To give you an idea why, and I'm not trying to undermine Redline's tuning methods at all, it didn't make any sense to me to use some arbitrary mixture screw setting with the engine idling to accurately determine the best idle jet size the engine wants when it's actually running down the road.
: After driving the Jeep around so it's good and warm, wheel back in and do your best at finding the lean-best idle as described earlier. Using the speed screw, increase the engine speed to 1,400 rpm. This forces the carb into its progression circuit where the engine spends 90% of its time, not at idle. Now, turn the mixture screw(s) in a half turn and note any change in rpm and/or engine sound.

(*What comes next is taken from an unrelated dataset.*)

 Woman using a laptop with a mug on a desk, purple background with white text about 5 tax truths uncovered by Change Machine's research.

Return the screws to where you started and then turn them out a half turn. Again, noting any change in rpm or engine sound. Take the screws back to their starting position and return to idle.

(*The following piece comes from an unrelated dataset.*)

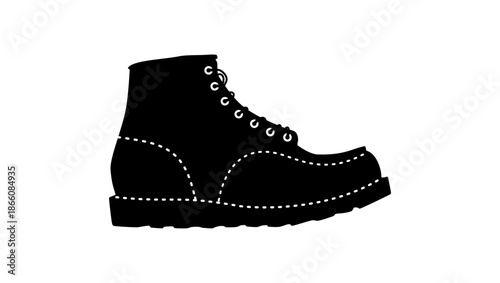 Classic Moc Suede Boots, black isolated silhouette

If the engine responded with a cleaner sound and/or more rpm when the mixture screws were opened, you may benefit from a larger idle jet. If the engine responded with a cleaner sound and/or increased rpm when you turned the mixture screws in, a smaller idle jet may be in order.

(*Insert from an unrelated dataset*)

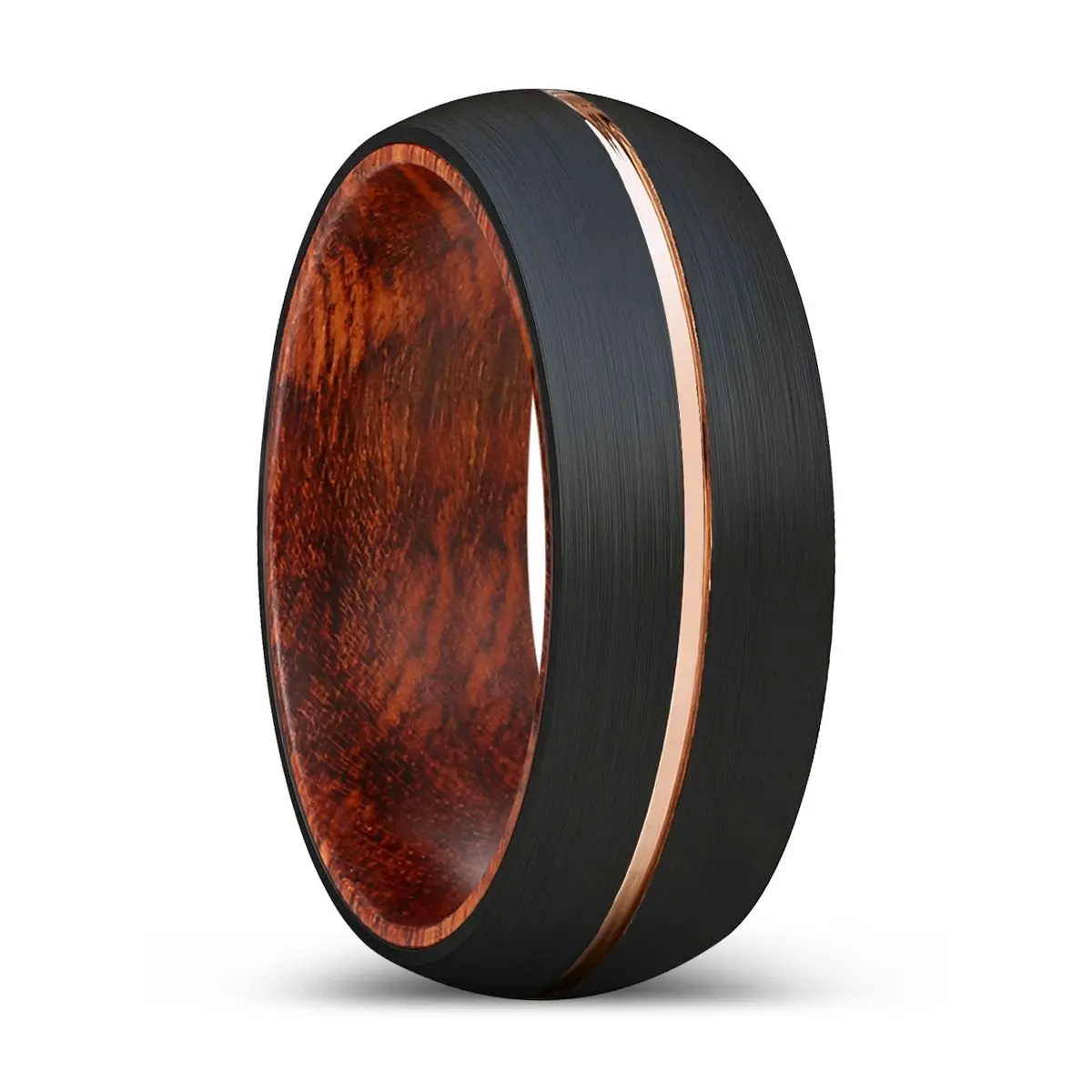 Jabba | Snake Wood, Black Tungsten Ring, Rose Gold Groove, Domed 1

To quantify that idea with actual findings, I started with 45 idle jets and 1.85mm idle air bleeds. Don't let the air bleeds throw you off too much; it's basically a leaner 50 idle jet that pulls richer towards the top end of the progression circuit than a 45 would. At 1,400 rpm, turning the mixture screws out a half turn really had no impact. However, turning them in less than a quarter turn resulted in a quick drop in rpm and the engine basically choked. Had I not been maxed out on my idle circuit, I'm positive an increase in fuel from the mixture screws would've made a difference in rpm. This particular test shows that the engine wants more fuel. My wide-band air/fuel monitor showed full lean, over 16:1 before touching the mixture screws.
: Installed 50 idle jets and went through the lean-best idle procedure again. Brought the engine back up to 1,400 rpm and took the mixture screws out a quarter turn. No change in rpm or sound. Mixture screws back to the starting position and then in a quarter turn. No change in rpm but a slightly cleaner sound. Took them in another quarter turn and the rpm started to drop and the engine sounded rougher. This tells us that the engine has enough fuel by it not responding to giving it more with the mixture screw and it also tells us what our window is for going leaner by it dropping rpm at a half turn in on the mixture screw. The air/fuel ratio before touching the mixture screws was 14.2:1. Good! Now we know where the lean spot is and where it no-longer responds to more fuel.
: Installed 60 idle jets and went back through the lean-best idle procedure. Again, 1,400 rpm with the speed screw. Take the mixture screws out a quarter turn, no response in either sound or rpm. Turn them in a quarter turn from the starting point and only a vague improvement in sound, being a little cleaner. Another quarter turn in showed another barely detectable improvement in sound. This tells us that the engine is getting more fuel than it wants by not responding to additional fuel from the mixture screws and barely a slightly better sound from reducing the fuel with the mixture screws. Obviously, the volume of fuel being delivered by the 60 idle jets was so much that a smaller, controlled amount being added to or removed from the total by adjusting the mixture screw had very little to no impact. To visualize the scenario, adjust the little flow gate on a river dam that's already overflowing. The engine sounded sluggish and 'heavy' with these jets. Air/fuel ratio before touching the mixture screws was 11.8:1
The whole point with this test is that not everyone wants to spend $300+ on a wide band air/fuel monitor and the typical "X amount on the mixture screw at idle is perfect while driving" setting leaves a little to be desired. It does take a good ear and "feel" for what the engine is telling you but it's pretty damn accurate. Hopefully this helps bridge the gap by providing a more accurate means of sizing your idle jets.
Any and all thoughts are greatly appreciated, of course!